=== Section Start ===

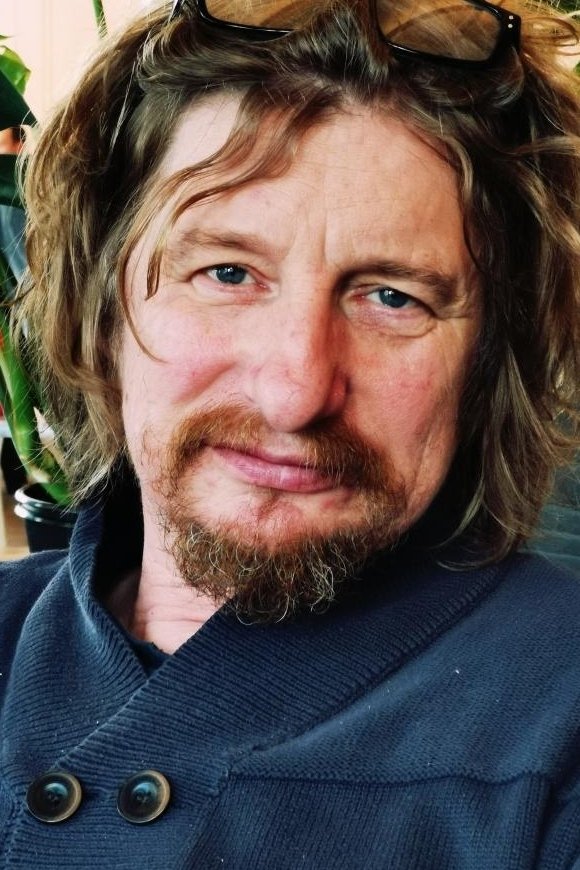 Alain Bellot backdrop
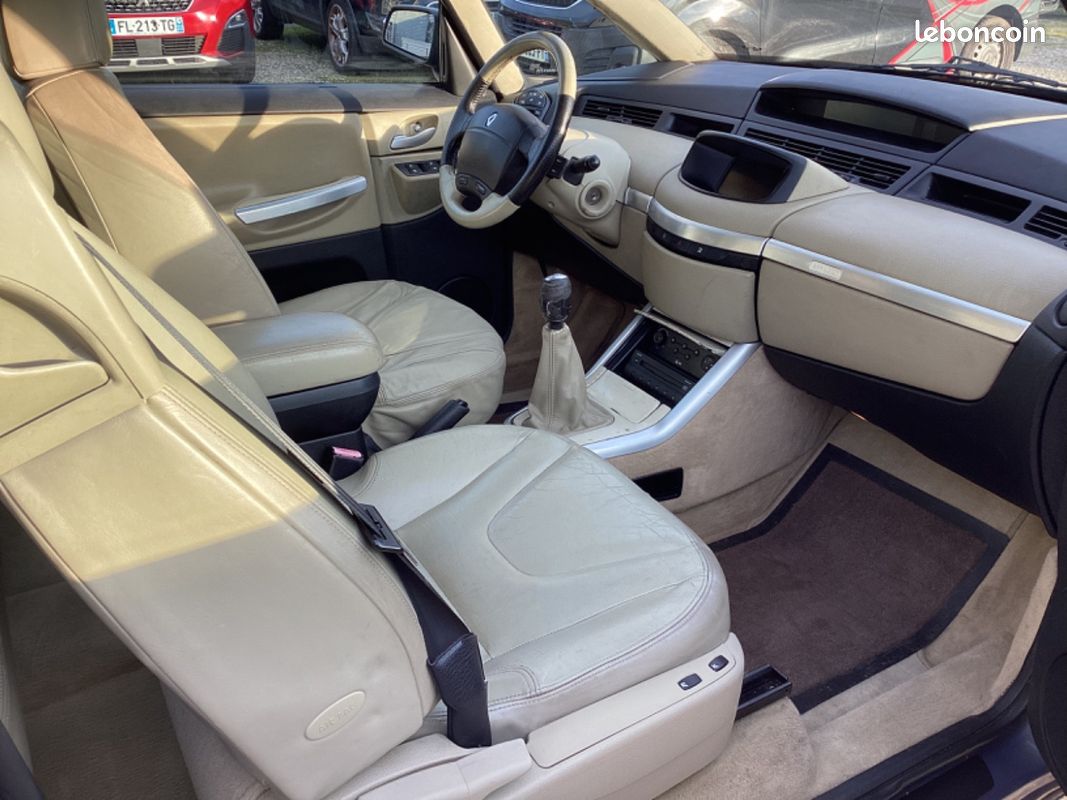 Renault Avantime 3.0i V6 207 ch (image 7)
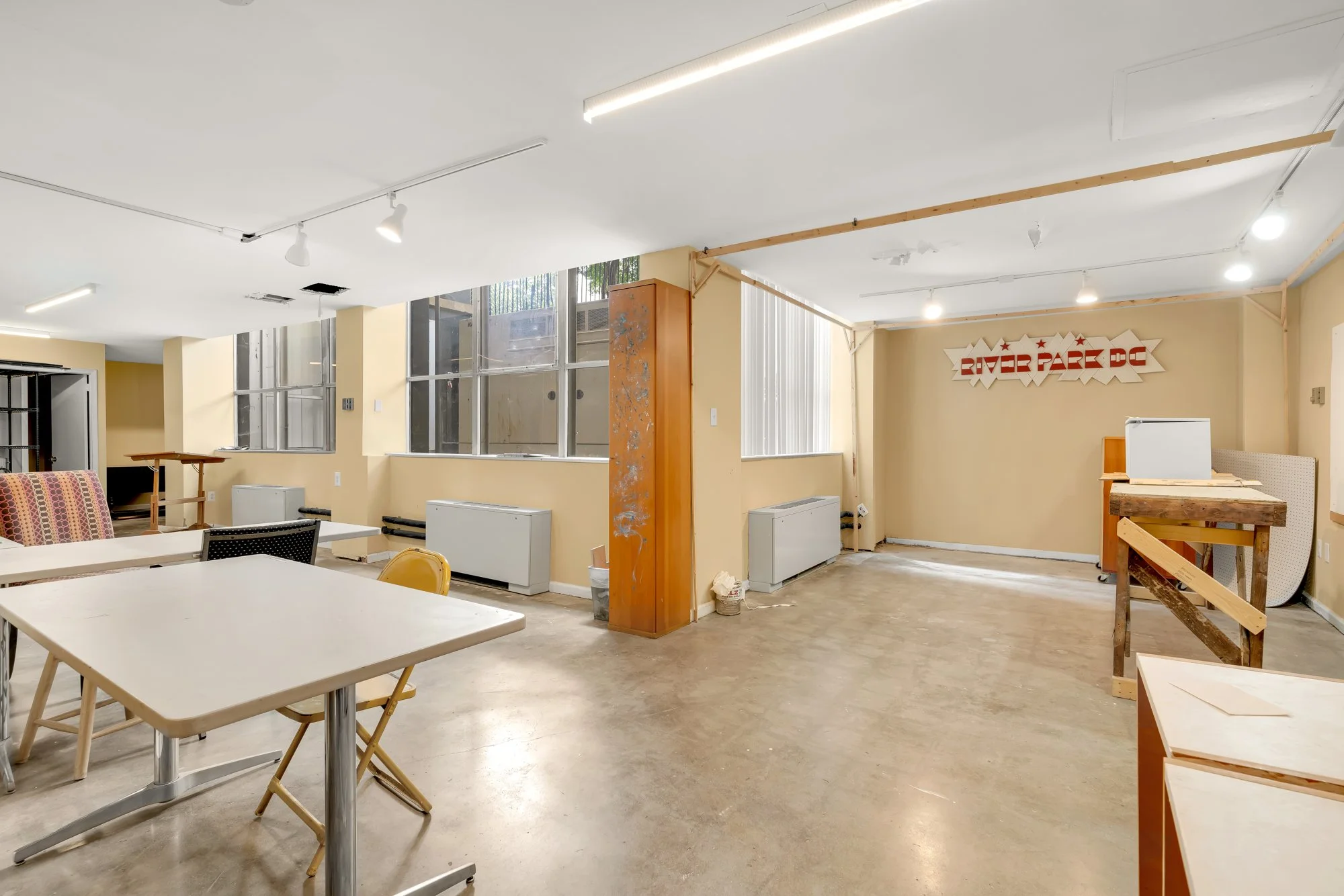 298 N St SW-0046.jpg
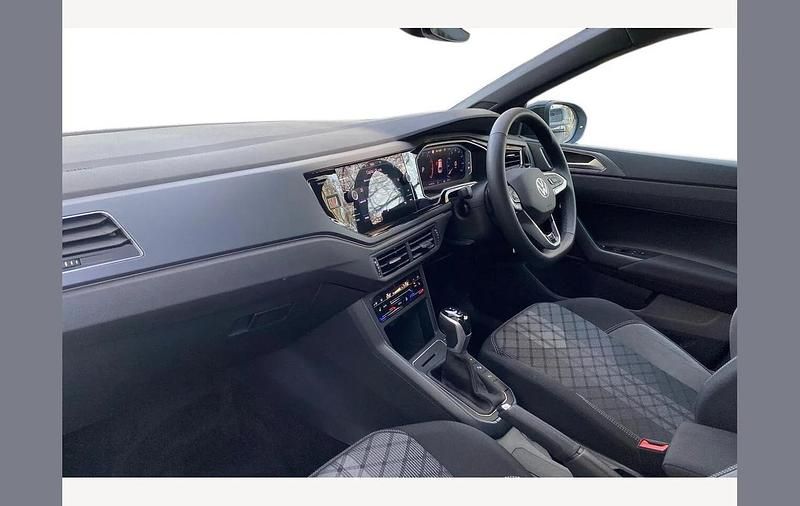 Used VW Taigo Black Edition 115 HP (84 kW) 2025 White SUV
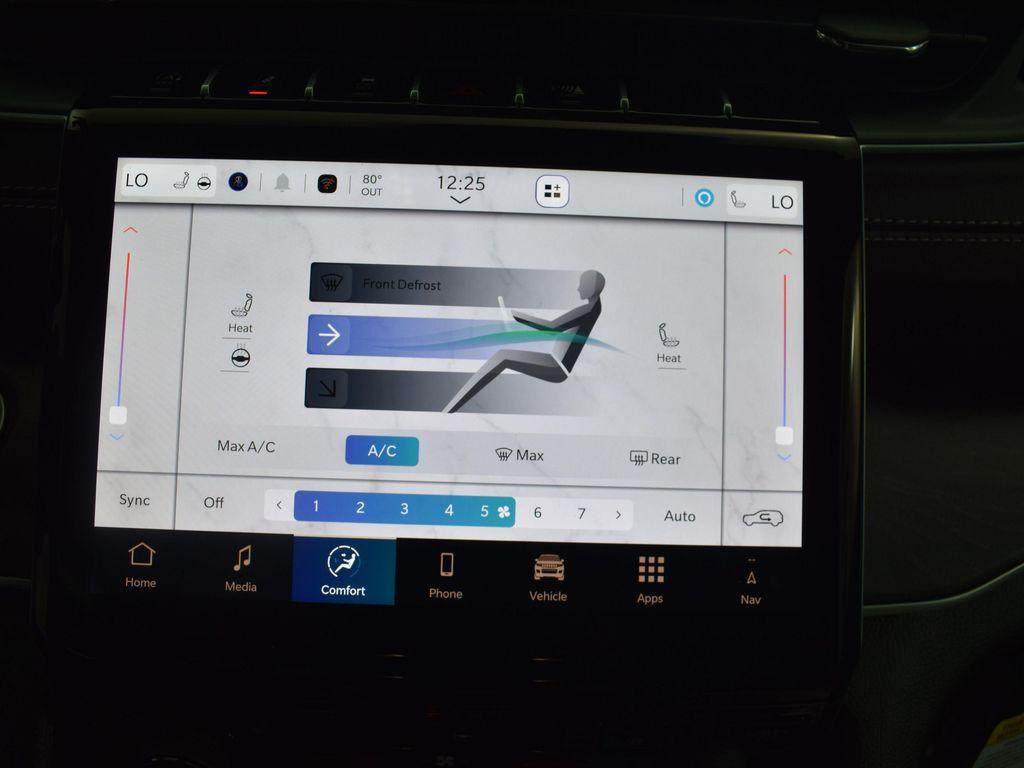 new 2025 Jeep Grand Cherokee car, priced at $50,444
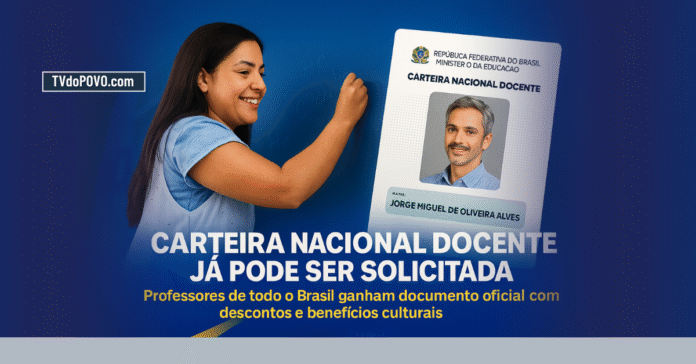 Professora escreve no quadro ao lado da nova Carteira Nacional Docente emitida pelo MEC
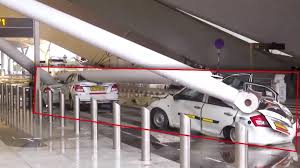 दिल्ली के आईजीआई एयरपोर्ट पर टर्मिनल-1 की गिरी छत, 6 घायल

=== Section End ===

### Instructions to follow
A verbatim copy of every entry above, with no pictures, is the expected output.

### Output below
 Alain Bellot backdrop
 Renault Avantime 3.0i V6 207 ch (image 7)
 298 N St SW-0046.jpg
 Used VW Taigo Black Edition 115 HP (84 kW) 2025 White SUV
 new 2025 Jeep Grand Cherokee car, priced at $50,444
 Professora escreve no quadro ao lado da nova Carteira Nacional Docente emitida pelo MEC
 दिल्ली के आईजीआई एयरपोर्ट पर टर्मिनल-1 की गिरी छत, 6 घायल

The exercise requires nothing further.